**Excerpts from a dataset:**
--

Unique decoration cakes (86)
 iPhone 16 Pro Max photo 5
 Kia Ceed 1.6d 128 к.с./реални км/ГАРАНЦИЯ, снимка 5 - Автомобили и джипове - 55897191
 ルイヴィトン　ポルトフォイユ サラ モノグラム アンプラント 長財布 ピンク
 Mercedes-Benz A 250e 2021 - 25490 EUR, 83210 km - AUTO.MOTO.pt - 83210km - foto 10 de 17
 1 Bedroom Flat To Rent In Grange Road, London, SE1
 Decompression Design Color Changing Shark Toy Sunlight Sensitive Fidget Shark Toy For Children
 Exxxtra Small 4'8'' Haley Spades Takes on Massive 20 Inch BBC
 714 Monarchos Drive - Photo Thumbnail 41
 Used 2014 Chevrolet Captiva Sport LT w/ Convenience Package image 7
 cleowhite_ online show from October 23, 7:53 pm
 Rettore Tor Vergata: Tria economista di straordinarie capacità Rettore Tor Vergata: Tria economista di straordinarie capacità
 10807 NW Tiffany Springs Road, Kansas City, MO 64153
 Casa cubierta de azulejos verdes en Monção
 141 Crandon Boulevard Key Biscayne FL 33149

--

**THE TASK:** Could you please repeat the data exactly as given?

**EXERCISE SOLUTION:**
Unique decoration cakes (86)
 iPhone 16 Pro Max photo 5
 Kia Ceed 1.6d 128 к.с./реални км/ГАРАНЦИЯ, снимка 5 - Автомобили и джипове - 55897191
 ルイヴィトン　ポルトフォイユ サラ モノグラム アンプラント 長財布 ピンク
 Mercedes-Benz A 250e 2021 - 25490 EUR, 83210 km - AUTO.MOTO.pt - 83210km - foto 10 de 17
 1 Bedroom Flat To Rent In Grange Road, London, SE1
 Decompression Design Color Changing Shark Toy Sunlight Sensitive Fidget Shark Toy For Children
 Exxxtra Small 4'8'' Haley Spades Takes on Massive 20 Inch BBC
 714 Monarchos Drive - Photo Thumbnail 41
 Used 2014 Chevrolet Captiva Sport LT w/ Convenience Package image 7
 cleowhite_ online show from October 23, 7:53 pm
 Rettore Tor Vergata: Tria economista di straordinarie capacità Rettore Tor Vergata: Tria economista di straordinarie capacità
 10807 NW Tiffany Springs Road, Kansas City, MO 64153
 Casa cubierta de azulejos verdes en Monção
 141 Crandon Boulevard Key Biscayne FL 33149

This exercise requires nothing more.